§ WORK TO BE COMPLETED:
Your answer should repeat every line of the records below in which the word "person" appears.

Data excerpts:
-*-
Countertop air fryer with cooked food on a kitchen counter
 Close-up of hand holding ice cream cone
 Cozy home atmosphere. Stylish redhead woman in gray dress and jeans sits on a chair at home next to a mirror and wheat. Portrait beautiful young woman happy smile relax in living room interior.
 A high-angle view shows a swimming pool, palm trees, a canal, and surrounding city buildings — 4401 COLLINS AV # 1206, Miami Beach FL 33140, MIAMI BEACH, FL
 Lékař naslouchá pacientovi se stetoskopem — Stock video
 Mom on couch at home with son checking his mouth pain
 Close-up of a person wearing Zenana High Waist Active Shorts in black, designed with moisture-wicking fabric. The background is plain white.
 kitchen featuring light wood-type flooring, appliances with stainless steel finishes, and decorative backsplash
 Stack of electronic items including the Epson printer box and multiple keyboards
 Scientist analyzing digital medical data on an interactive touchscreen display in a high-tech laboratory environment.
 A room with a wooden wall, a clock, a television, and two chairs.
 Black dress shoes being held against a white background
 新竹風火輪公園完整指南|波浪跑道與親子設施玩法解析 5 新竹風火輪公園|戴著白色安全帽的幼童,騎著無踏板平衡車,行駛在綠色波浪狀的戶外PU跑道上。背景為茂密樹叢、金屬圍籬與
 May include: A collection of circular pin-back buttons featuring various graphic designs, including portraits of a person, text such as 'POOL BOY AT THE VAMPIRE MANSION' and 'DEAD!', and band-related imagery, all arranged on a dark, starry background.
-*-
§ ANSWER TO THIS EXERCISE:
 Close-up of a person wearing Zenana High Waist Active Shorts in black, designed with moisture-wicking fabric. The background is plain white.
 May include: A collection of circular pin-back buttons featuring various graphic designs, including portraits of a person, text such as 'POOL BOY AT THE VAMPIRE MANSION' and 'DEAD!', and band-related imagery, all arranged on a dark, starry background.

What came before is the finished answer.